======== Extracted information

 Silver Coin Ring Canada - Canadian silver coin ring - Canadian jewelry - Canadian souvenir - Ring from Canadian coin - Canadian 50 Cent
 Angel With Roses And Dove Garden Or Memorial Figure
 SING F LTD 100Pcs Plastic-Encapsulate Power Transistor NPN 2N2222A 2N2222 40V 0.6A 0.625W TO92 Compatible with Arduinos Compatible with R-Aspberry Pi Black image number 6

================
======== Extracted information

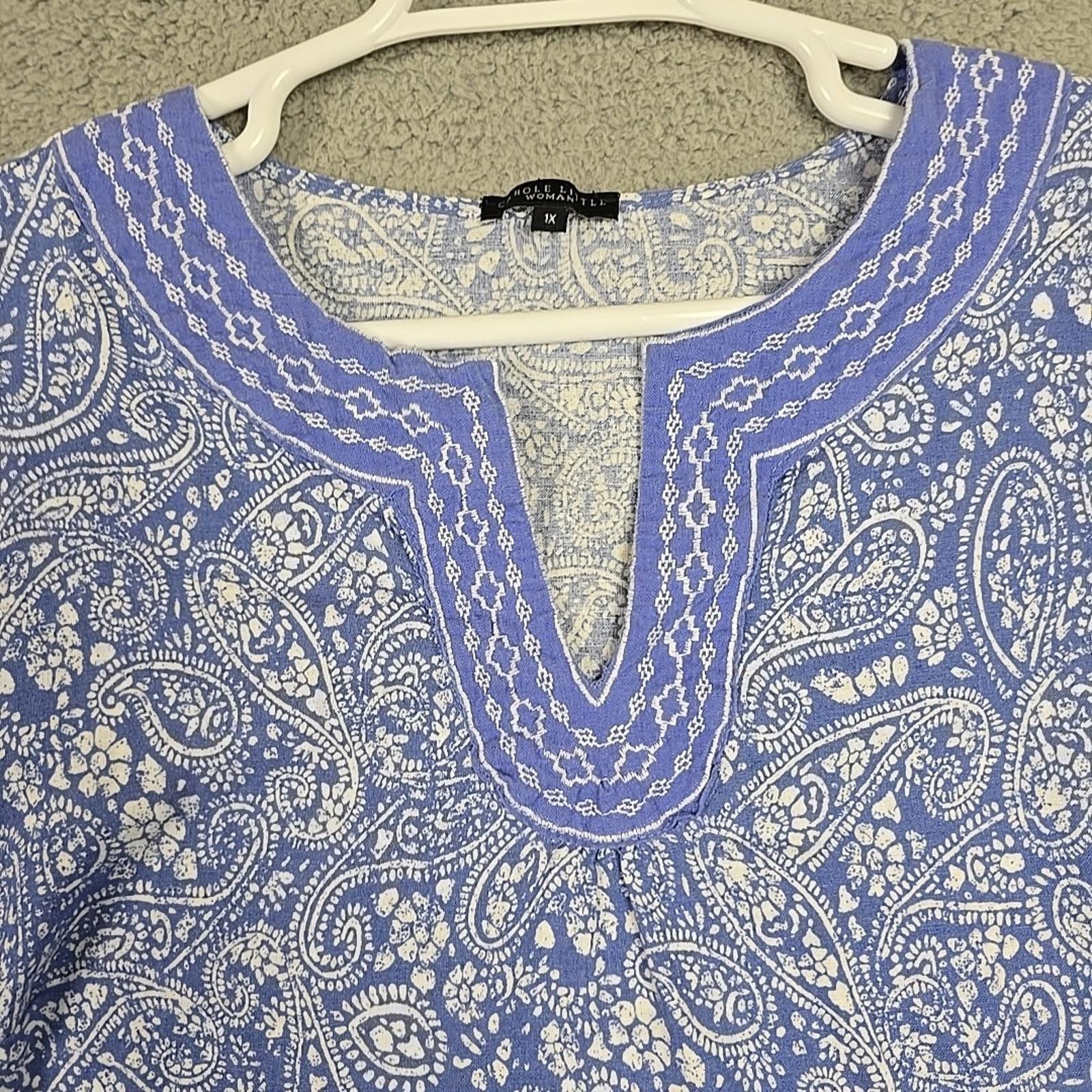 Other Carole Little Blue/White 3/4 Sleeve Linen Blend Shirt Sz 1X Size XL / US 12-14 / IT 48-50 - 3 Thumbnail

================

■ Problem to solve
The reply should hold only the lines of the listing above starting at the line containing "Silver Coin Ring Canada" and ending at the line containing "SING F LTD 100Pcs", exactly as written.

■ Reply to the exercise
 Silver Coin Ring Canada - Canadian silver coin ring - Canadian jewelry - Canadian souvenir - Ring from Canadian coin - Canadian 50 Cent
 Angel With Roses And Dove Garden Or Memorial Figure
 SING F LTD 100Pcs Plastic-Encapsulate Power Transistor NPN 2N2222A 2N2222 40V 0.6A 0.625W TO92 Compatible with Arduinos Compatible with R-Aspberry Pi Black image number 6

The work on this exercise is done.